• [Requirement]: Set out exactly, line by line, the stretch of data below that begins at the line containing "陈姓男演员涉案被正式起诉，原定婚礼取消，与女友爱情长跑13年" and ends at the line containing "Spielebus Maxl klärt über Kinderrechte auf", with both ends kept.

Stored items:

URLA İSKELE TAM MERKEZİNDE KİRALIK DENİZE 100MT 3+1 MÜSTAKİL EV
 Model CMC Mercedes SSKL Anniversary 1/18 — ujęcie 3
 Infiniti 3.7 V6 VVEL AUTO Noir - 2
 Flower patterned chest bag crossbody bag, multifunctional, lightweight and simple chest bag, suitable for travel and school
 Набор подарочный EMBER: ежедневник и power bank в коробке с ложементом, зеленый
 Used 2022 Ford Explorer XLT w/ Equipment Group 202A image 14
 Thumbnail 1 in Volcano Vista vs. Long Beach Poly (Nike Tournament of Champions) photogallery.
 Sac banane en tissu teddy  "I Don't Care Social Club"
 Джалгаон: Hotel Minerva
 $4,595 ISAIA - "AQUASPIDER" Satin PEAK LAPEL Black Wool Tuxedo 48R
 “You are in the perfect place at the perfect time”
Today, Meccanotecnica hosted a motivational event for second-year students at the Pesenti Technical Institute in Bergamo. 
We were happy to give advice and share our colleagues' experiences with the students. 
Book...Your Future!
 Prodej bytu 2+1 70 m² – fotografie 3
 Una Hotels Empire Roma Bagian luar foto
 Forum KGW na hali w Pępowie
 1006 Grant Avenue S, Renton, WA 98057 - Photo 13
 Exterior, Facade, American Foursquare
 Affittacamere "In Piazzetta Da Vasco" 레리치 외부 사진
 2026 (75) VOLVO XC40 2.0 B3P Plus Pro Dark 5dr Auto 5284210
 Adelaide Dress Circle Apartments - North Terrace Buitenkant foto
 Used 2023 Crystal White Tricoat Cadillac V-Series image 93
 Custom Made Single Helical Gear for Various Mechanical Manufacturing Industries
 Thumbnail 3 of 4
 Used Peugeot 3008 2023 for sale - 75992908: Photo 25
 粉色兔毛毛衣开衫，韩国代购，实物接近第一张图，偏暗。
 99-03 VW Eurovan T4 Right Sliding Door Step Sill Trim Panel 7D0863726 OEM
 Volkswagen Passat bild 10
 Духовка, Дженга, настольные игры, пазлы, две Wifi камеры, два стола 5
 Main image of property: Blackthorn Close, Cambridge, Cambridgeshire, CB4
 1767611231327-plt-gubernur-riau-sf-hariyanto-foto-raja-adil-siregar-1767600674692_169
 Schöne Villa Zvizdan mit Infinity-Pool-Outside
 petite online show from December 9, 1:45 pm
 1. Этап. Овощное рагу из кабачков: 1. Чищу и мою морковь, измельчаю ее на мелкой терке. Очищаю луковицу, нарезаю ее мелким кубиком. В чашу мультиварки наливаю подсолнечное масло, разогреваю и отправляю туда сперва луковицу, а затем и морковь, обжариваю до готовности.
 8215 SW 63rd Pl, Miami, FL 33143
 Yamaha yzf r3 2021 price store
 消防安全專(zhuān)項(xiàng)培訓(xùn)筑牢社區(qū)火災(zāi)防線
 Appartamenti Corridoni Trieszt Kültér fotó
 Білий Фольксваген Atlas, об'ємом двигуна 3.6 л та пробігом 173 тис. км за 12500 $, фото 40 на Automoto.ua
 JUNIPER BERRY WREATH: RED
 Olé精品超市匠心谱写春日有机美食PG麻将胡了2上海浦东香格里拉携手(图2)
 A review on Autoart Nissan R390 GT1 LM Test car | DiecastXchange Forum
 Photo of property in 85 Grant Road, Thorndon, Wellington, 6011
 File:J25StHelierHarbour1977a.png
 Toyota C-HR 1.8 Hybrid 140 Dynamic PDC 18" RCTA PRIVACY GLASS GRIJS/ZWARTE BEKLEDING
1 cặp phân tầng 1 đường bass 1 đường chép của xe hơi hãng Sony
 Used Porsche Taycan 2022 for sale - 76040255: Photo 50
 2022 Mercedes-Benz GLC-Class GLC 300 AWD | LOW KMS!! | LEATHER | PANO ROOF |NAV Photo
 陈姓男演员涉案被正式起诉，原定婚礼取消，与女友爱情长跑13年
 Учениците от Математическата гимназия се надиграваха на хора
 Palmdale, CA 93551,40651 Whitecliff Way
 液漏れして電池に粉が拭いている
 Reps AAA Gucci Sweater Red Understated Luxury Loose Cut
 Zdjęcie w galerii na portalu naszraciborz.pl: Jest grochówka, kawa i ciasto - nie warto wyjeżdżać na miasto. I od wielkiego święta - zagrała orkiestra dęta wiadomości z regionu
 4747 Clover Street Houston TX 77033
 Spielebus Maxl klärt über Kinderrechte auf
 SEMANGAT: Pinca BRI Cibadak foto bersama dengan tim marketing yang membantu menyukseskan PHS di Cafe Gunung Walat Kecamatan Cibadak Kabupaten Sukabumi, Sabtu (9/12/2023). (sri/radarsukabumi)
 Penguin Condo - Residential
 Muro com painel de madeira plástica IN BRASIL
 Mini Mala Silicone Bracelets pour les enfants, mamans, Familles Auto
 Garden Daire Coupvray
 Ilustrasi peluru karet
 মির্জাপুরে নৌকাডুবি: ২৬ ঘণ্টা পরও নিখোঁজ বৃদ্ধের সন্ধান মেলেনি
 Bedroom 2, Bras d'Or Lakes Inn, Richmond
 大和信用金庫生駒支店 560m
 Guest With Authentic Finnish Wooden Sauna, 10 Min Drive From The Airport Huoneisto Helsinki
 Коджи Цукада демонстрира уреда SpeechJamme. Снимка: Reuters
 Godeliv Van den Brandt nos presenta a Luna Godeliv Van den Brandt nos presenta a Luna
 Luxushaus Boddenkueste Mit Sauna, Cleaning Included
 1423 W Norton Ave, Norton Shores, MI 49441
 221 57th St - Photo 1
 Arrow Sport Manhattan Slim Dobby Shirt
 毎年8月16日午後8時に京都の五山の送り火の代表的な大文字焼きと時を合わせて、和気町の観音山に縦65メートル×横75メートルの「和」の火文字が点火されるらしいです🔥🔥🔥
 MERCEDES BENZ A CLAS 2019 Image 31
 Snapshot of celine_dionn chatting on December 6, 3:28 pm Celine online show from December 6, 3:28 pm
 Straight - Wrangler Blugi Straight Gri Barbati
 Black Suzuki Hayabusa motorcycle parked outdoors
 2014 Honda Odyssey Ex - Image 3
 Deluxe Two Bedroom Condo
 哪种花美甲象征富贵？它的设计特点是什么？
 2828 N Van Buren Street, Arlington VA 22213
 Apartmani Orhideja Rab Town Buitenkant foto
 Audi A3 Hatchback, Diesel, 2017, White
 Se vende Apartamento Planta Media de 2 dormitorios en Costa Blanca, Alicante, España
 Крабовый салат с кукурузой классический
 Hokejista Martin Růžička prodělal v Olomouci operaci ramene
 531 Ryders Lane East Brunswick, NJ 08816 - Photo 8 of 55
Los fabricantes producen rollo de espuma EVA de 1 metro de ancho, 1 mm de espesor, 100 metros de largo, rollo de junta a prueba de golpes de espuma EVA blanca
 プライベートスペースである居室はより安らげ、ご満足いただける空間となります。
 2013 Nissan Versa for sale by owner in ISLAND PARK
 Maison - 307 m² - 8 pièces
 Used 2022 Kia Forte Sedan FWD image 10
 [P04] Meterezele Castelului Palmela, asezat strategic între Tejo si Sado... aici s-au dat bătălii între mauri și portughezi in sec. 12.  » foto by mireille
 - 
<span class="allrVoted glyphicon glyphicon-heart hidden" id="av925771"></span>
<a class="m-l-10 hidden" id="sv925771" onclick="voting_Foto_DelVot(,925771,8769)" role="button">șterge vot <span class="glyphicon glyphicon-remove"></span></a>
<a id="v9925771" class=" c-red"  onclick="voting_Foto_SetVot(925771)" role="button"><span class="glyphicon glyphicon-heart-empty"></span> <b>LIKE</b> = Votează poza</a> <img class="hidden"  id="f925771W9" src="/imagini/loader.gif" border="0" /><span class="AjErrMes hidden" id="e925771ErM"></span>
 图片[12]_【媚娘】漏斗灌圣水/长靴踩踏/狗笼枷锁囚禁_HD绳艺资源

• [Solution to this problem]:
 陈姓男演员涉案被正式起诉，原定婚礼取消，与女友爱情长跑13年
 Учениците от Математическата гимназия се надиграваха на хора
 Palmdale, CA 93551,40651 Whitecliff Way
 液漏れして電池に粉が拭いている
 Reps AAA Gucci Sweater Red Understated Luxury Loose Cut
 Zdjęcie w galerii na portalu naszraciborz.pl: Jest grochówka, kawa i ciasto - nie warto wyjeżdżać na miasto. I od wielkiego święta - zagrała orkiestra dęta wiadomości z regionu
 4747 Clover Street Houston TX 77033
 Spielebus Maxl klärt über Kinderrechte auf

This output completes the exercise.